Comme beaucoup de juristes, je pense qu’il n’est pas envisageable de revenir sur le mariage homo. Il ne sert donc à rien de pousser de préventifs cris d’orfraie. Ils peuvent s’interpréter comme des pressions préalables, lesquelles ne peuvent qu’indisposer les non militants dans mon genre. Les diatribes violentes publiées sur le web semblaient émaner “d’égorgés” vifs. Pourtant, n’était-ce pas d’un assassinat bien réel dont il était question à cette messe ? D’un prêtre égorgé ! Pendant l’office qu’il célébrait. Et voilà qu’un militantisme sociétal prétendrait que sa voix devrait surpasser ce crime ? Mais dans quel pays vivons-nous ? Une phrase d’homélie devrait faire plus de bruit qu’un crime abject.
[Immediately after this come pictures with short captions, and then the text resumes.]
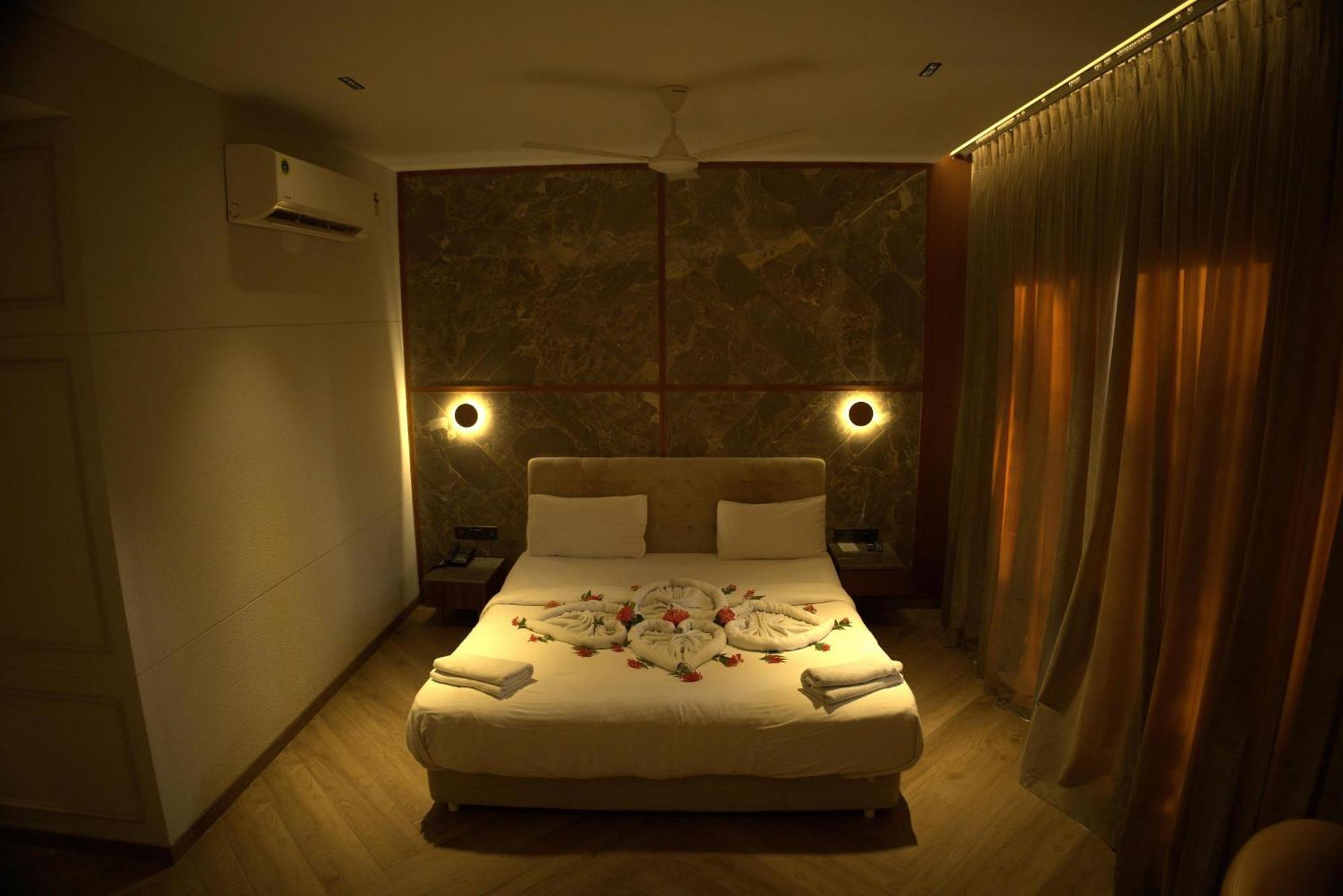 Cassa Marina Beach Resort Damlawari ภายนอก รูปภาพ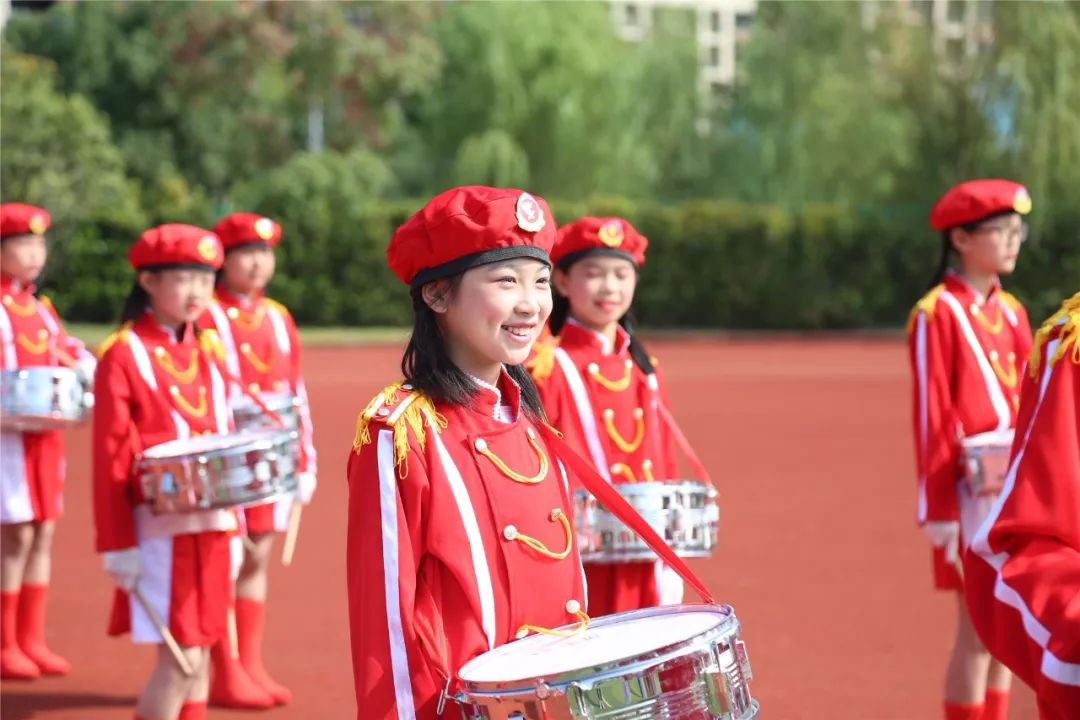 昨天,锡山的少先队员们c位亮相!这场鼓号队风采展示惊艳全场!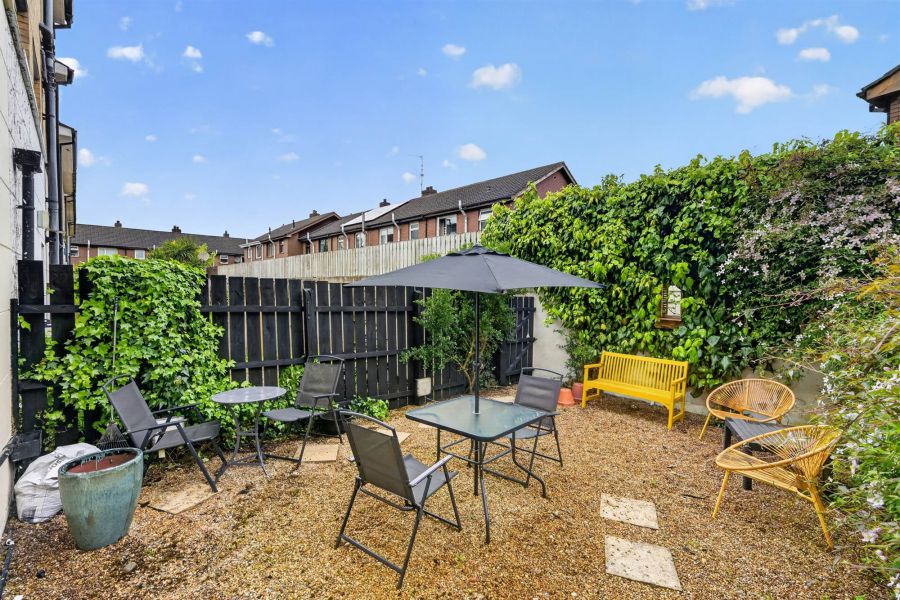 37 Oakleigh Park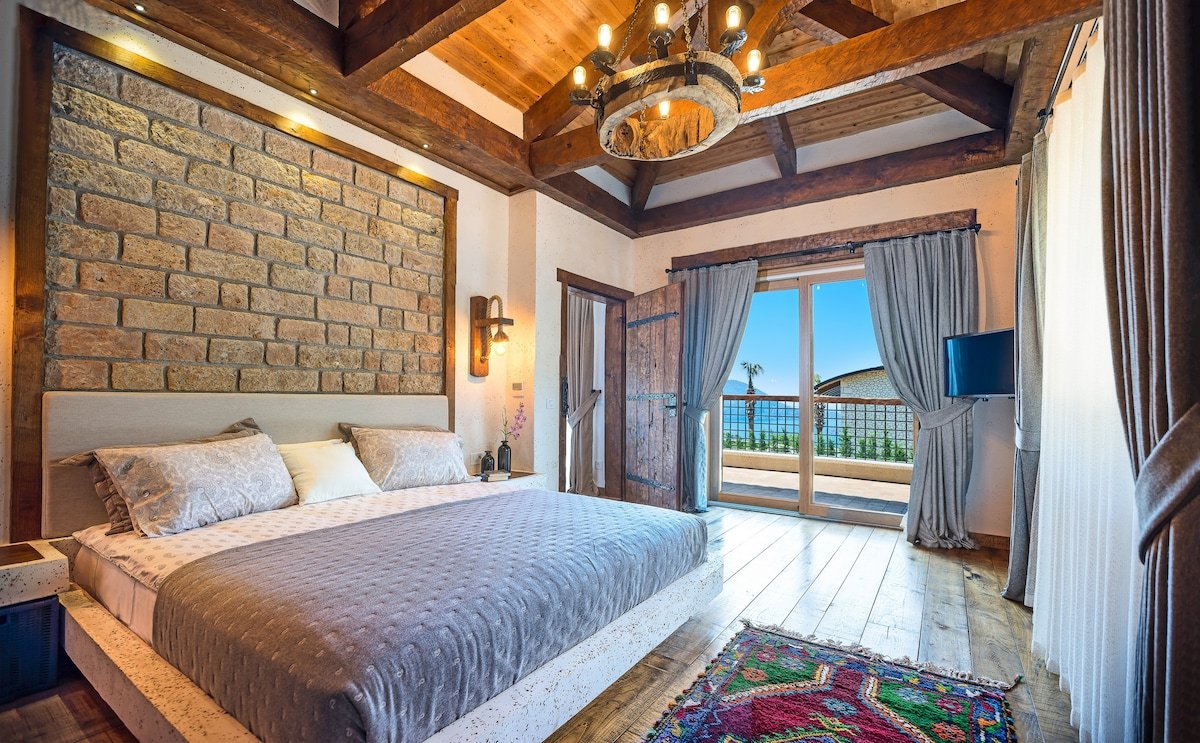Private Island-Style Luxury Estate – Private Bay gallery image 3
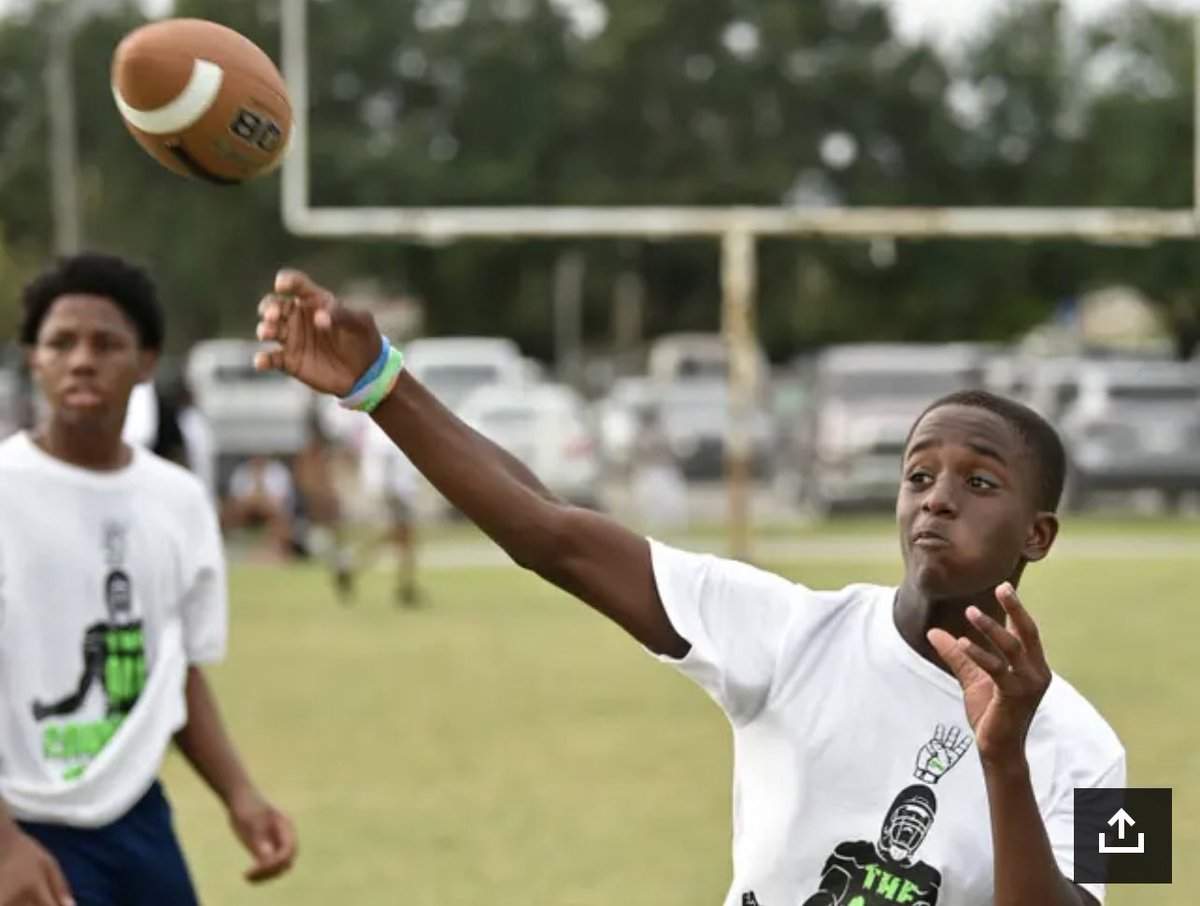 TBenderPhoto tweet media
Des paroles pourraient plus blesser qu’un couteau qui égorge ? Je me crois capable de calme et de raison. Devant tant d’impudence, il m’arrive d’avoir envie de crier “taisez-vous” ! Je ne fais la morale à personne, mais je n’entends pas me faire dicter celles des autres. En défendant trop bruyamment sa cause, généralement on l’affaiblit. C’est ainsi que j’ai perçu les communications indignées d’hier.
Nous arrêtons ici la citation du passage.